Article Text
Abstract
Background Electronic health records (EHRs) can play an important role in generating data on the natural history, treatment, and outcomes of systemic lupus erythematosus (SLE). A key issue in using EHRs for SLE research is accurately identifying populations of patients with the disease. This is especially important because traditional definitions that rely on coding systems such as ICD9 have had poor specificity in previous studies. We aimed to develop and test disease classification algorithms to define a population with SLE in the EHR. We analysed both traditional definitions that used structured data (ICD-9 codes, medications, laboratories) and machine learning algorithms that used the entirety of information in the EHR, including unstructured data from clinical notes.
Materials and methods We created a repository of patients with possible SLE (based on relevant ICD-9 codes, positive auto-antibodies, and/or mention of “SLE” or “lupus” in the text of a clinical note). We combined 300 patients from that repository with 1000 randomly selected adult patients in our EHR as our training set. These patients were reviewed by domain experts for a diagnosis of SLE and confirmed cases were used as a gold standard for training our machine learning algorithms. We calculated the test characteristics for various definitions of SLE using only structured data. Finally, we compared this to a series of supervised machine learning algorithms based on support vector machines (SVMs) that used text features extracted from clinical notes in addition to structured fields. All SVM algorithms were trained and validated using 10-fold cross-validation.

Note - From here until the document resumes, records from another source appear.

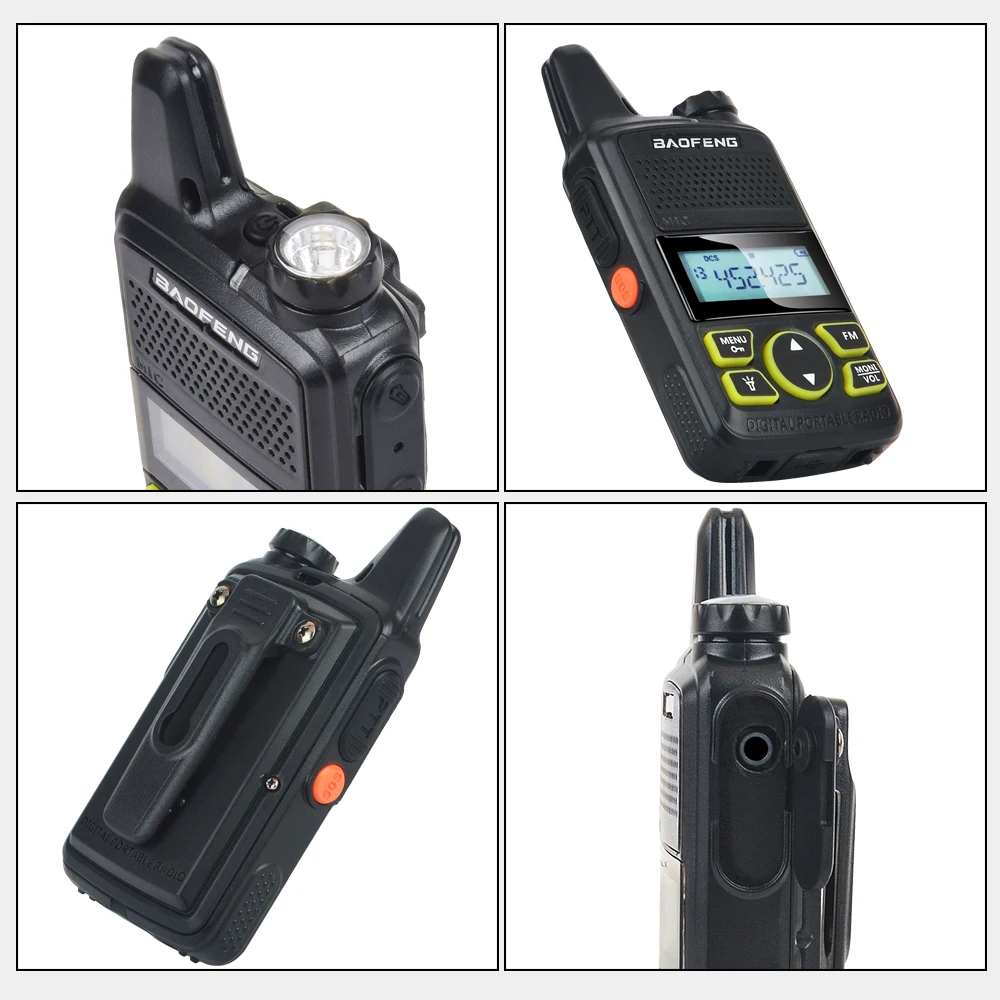 2pcs baofeng Mini Walkie Talkie BF-T1 UHF 400-470MHz 1W 20CH Ham FM Two-way Radio With Earpiece & programming cable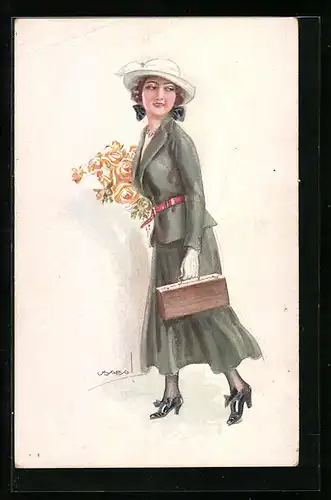 Künstler-AK Luis Usabal: Junge Dame im Kostüm mit Rosen und Köfferchen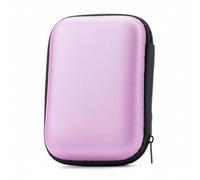 Ronyme Estuche para Auriculares Transportable con Bolsillo de Malla Porta Cables Funda Semi Rígida Tiras Elásticas Adecuado para Viajes Trabajo Uso Diario, Pink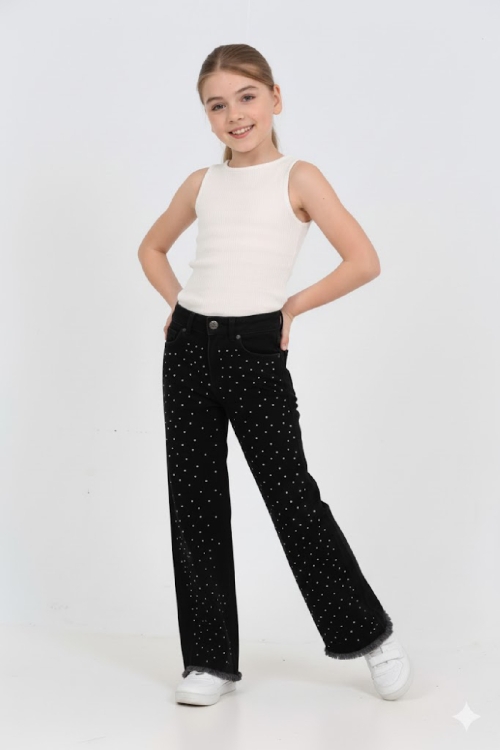 Kız Çocuk Destroy Paçalı-Geniş Kesim Jean Pantolon 5-15 Yaş 12488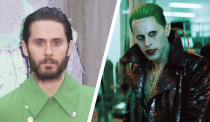 <p>Appearing in the recent ‘Suicide Squad’ movie, Jared Leto’s unconventional Joker proved to be a bit controversial. Covered in tattoos and with gleaming golden gnashers, he’s not exactly the Joker everyone knows and loves. But he proved to be a suitably creepy foil to Margot Robbie’s Harley Quinn. (Credit: Warner Bros, WENN) </p>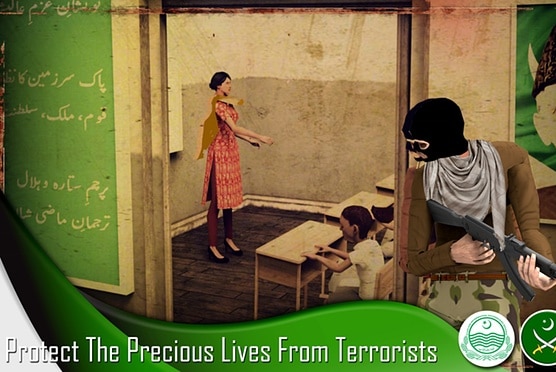 An armed man looks into a classroom in a still from the Pakistan Army Retribution game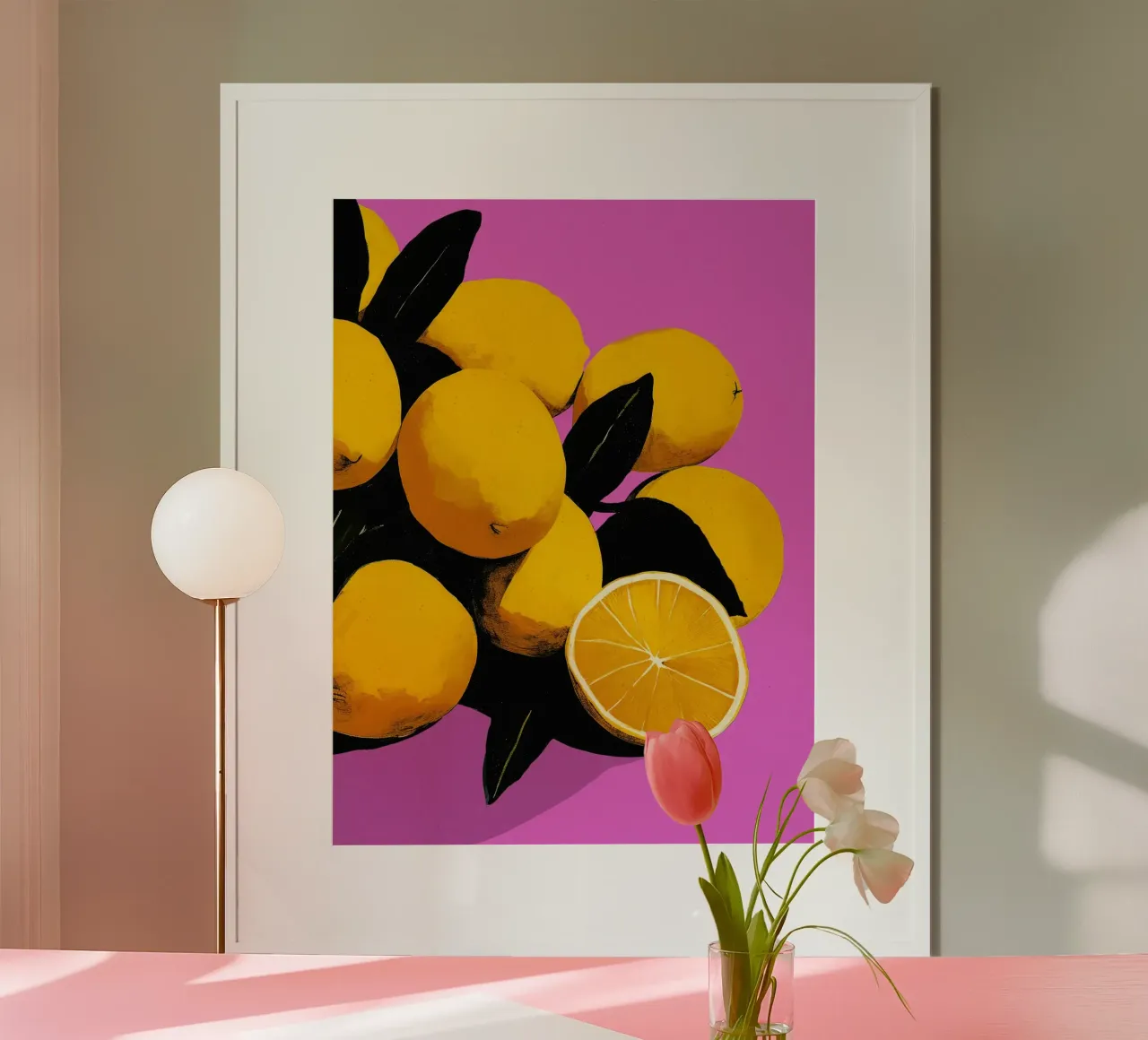 Fresh Lemons (Pink) poster van treechild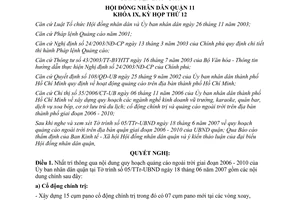 Nghị quyết 04/2007/NQ-HĐND quy hoạch quảng cáo ngoài trời Quận 11 2006-2010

Results One hundred thirty-seven patients met criteria for SLE. The test characteristics of both the structured and supervised ML algorithms are shown in the Table 1. A single ICD-9 code for 710.0 had a precision/positive predictive value of 79%. In contrast, machine learning algorithms greatly outperformed structured definitions in terms of precision, with precision/positive predictive value approaching 96% in the most comprehensive algorithm.
Conclusions In an EHR-based data repository, a single ICD-9 was highly sensitive for SLE. Machine learning algorithms processed a multitude of structured and unstructured EHR data, allowing improved precision/positive predictive value. Further validation across different health systems will be necessary prior to implementing these algorithms on a national basis.
Acknowledgements The Rheumatology Research Foundation provided funding for this work.